## Aim of the task
Where the records below have a line with "lift", that line is to be copied.

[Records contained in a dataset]
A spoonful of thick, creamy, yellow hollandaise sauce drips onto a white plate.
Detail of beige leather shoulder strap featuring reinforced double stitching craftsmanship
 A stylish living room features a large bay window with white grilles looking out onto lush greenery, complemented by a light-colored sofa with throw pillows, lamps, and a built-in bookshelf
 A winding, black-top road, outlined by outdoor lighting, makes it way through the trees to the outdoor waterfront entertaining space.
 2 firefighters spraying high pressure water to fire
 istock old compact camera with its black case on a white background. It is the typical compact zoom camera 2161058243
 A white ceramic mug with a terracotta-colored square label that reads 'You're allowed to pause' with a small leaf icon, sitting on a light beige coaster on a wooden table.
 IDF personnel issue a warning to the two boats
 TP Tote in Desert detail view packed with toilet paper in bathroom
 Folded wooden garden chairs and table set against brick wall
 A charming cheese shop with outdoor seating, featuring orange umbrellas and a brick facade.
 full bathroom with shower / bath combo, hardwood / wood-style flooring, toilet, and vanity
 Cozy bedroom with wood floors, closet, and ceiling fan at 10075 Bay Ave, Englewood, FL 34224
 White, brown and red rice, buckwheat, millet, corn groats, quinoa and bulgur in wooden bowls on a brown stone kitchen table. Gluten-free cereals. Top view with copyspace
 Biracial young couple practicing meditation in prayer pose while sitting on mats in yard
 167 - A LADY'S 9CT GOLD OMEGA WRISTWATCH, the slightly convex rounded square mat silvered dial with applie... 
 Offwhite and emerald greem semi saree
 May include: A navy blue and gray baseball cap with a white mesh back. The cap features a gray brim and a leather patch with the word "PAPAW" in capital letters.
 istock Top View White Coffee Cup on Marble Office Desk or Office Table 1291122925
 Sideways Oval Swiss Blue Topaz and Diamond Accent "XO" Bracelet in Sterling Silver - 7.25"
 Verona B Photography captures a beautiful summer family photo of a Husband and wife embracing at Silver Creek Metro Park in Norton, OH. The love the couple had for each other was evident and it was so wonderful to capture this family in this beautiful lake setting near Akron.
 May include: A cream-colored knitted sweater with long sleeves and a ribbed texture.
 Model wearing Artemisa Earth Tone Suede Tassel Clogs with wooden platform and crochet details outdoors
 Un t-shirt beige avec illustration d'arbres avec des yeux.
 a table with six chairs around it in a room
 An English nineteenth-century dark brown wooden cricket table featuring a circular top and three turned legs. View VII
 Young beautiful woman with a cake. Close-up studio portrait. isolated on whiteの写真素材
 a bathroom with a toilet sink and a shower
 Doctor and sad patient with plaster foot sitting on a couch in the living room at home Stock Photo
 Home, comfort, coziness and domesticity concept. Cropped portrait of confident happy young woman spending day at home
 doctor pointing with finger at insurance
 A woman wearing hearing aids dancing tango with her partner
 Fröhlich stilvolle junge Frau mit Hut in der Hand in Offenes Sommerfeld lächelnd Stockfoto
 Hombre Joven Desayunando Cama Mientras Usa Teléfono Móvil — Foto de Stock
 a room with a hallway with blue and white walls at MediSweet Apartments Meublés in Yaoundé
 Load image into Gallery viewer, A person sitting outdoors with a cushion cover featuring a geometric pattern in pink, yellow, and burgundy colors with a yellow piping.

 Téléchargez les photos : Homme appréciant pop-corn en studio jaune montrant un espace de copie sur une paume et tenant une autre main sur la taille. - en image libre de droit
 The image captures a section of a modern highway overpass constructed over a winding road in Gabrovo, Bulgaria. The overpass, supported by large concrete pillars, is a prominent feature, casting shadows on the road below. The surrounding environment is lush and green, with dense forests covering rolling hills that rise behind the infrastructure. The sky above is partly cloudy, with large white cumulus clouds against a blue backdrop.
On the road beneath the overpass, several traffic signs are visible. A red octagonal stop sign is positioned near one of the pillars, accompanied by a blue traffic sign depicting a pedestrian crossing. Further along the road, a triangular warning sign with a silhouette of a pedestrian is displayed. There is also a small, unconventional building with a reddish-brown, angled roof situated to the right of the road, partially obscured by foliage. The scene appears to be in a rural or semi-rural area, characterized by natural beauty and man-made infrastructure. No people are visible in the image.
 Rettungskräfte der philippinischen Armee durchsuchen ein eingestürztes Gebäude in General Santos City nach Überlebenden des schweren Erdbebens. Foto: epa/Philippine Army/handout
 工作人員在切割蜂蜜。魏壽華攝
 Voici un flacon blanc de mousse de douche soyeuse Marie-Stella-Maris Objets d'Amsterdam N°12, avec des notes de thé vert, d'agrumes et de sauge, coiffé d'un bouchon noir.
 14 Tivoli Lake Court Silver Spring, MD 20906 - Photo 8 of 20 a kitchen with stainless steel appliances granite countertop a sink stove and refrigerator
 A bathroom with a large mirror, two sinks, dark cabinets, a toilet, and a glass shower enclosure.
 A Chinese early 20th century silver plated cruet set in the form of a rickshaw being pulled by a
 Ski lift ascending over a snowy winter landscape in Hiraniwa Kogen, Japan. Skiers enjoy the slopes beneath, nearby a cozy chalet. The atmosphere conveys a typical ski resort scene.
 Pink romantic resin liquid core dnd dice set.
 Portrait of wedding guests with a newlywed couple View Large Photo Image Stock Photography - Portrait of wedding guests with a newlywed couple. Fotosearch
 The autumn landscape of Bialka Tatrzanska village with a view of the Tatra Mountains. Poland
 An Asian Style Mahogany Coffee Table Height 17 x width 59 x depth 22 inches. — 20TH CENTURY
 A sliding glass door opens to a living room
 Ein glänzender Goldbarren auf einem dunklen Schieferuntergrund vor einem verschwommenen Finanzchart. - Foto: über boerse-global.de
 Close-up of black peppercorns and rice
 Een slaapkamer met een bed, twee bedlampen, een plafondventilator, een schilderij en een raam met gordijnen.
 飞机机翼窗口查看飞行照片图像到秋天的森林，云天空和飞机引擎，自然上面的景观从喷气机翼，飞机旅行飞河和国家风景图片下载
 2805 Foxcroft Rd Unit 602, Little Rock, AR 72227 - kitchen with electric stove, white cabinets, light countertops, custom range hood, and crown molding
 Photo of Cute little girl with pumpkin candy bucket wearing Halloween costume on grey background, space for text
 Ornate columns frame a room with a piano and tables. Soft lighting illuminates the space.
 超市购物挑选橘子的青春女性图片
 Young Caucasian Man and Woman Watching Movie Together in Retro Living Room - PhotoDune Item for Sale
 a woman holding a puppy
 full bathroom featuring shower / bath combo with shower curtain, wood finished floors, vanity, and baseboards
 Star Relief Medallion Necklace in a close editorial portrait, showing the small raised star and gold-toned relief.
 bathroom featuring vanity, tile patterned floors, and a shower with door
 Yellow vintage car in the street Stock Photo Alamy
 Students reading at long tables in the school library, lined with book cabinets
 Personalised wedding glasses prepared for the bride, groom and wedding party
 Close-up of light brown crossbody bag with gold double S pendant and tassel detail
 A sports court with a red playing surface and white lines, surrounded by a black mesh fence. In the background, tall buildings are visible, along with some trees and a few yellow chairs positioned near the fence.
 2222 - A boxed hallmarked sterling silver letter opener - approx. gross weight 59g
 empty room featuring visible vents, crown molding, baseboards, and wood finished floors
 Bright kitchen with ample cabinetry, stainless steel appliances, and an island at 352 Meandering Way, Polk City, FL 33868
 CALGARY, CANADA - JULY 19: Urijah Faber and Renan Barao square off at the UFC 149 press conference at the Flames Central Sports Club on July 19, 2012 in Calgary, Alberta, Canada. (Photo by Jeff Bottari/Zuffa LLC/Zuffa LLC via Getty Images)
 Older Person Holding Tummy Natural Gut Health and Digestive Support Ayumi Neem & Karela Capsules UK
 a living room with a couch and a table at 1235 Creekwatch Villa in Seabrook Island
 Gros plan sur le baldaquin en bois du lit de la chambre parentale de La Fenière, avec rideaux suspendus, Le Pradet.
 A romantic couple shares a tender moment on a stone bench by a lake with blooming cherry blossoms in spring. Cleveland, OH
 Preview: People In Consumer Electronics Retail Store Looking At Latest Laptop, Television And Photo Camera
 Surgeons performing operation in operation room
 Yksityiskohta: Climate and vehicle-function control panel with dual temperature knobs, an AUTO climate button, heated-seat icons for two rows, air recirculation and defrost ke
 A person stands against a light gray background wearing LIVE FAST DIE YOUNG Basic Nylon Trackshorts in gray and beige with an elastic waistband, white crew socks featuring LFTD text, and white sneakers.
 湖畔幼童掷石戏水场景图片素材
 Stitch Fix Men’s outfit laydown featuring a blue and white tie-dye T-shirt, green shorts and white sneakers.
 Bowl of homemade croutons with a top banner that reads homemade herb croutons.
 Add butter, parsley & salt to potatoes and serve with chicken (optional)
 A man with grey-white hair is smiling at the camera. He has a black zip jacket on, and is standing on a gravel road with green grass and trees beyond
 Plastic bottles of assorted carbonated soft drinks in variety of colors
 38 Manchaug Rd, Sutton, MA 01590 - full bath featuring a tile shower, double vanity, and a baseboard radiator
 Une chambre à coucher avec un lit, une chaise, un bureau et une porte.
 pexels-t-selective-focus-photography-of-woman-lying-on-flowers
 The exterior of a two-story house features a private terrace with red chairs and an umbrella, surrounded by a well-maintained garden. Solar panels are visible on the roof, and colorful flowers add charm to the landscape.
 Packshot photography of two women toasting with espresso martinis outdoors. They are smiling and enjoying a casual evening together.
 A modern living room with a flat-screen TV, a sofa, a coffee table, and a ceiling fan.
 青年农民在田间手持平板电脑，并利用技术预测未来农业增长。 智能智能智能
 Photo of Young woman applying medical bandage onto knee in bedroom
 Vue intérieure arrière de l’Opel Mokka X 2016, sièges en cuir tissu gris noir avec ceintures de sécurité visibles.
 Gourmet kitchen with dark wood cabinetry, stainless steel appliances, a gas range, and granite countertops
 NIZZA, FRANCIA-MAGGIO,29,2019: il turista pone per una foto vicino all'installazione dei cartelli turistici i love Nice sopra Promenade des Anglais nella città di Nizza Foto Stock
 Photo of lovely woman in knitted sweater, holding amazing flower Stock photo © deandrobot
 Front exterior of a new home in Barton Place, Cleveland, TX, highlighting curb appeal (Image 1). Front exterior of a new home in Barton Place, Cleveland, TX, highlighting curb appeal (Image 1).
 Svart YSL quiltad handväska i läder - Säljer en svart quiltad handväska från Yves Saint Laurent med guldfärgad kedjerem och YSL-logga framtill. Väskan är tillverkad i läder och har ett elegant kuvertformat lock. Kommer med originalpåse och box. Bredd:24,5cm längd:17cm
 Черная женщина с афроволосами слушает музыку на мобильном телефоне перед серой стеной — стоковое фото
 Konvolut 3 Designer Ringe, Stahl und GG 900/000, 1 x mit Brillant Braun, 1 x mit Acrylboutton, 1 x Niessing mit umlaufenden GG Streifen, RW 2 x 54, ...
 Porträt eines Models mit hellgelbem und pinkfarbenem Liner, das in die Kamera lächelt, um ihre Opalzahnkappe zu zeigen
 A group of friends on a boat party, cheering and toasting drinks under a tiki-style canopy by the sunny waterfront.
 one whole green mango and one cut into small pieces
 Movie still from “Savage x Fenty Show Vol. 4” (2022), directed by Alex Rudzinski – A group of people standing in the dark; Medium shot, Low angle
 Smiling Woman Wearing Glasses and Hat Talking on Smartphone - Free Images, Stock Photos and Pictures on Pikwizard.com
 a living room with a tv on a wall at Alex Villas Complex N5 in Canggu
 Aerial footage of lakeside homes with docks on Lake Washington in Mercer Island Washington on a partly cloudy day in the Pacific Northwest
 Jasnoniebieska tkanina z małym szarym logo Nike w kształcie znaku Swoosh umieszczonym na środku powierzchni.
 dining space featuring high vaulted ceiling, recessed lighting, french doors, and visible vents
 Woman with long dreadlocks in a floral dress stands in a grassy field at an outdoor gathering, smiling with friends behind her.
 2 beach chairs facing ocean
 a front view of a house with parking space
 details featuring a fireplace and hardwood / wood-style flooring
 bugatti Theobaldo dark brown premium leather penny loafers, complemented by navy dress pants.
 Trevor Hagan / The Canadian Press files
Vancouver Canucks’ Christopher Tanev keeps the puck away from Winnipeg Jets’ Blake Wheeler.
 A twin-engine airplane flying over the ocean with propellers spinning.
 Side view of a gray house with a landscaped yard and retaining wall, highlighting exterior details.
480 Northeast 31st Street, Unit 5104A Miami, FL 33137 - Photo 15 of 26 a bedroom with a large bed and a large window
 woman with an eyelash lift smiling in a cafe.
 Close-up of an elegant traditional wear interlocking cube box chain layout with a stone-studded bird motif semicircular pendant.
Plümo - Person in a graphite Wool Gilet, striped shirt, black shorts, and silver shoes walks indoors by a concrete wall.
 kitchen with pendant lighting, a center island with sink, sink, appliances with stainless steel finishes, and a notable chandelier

## Written reply
 Ski lift ascending over a snowy winter landscape in Hiraniwa Kogen, Japan. Skiers enjoy the slopes beneath, nearby a cozy chalet. The atmosphere conveys a typical ski resort scene.
 woman with an eyelash lift smiling in a cafe.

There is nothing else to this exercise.